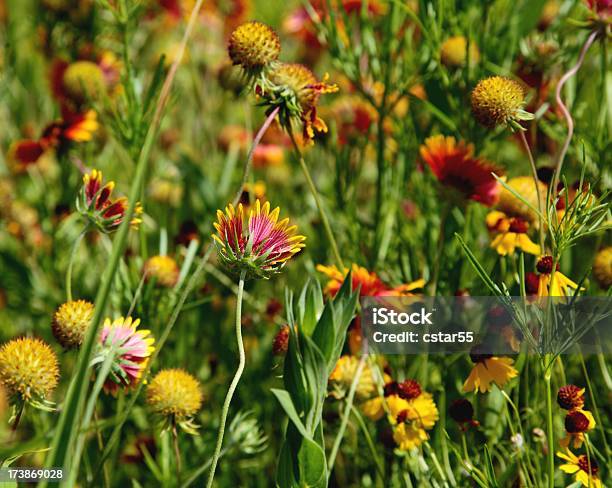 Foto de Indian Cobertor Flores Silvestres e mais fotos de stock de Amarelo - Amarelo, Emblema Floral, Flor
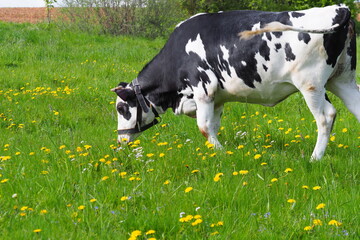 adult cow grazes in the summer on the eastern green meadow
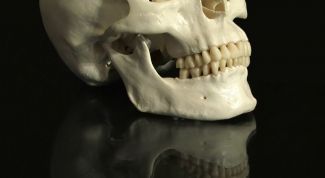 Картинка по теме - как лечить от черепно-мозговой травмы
---
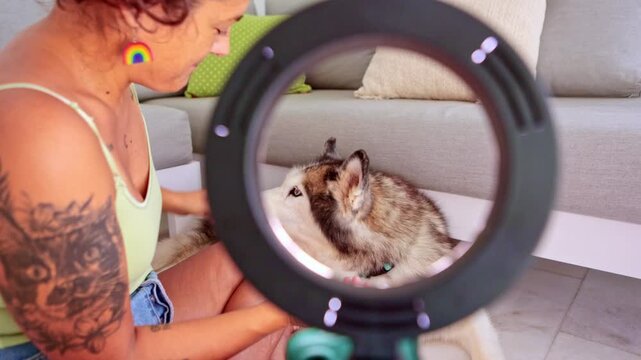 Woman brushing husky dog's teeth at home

PROMPT: Go back to the listing above and write out the lines starting at the one with "adult cow grazes" and ending at the one with "Картинка по теме", inclusive, exactly and without pictures.

WRITTEN ANSWER:
 adult cow grazes in the summer on the eastern green meadow
 Картинка по теме - как лечить от черепно-мозговой травмы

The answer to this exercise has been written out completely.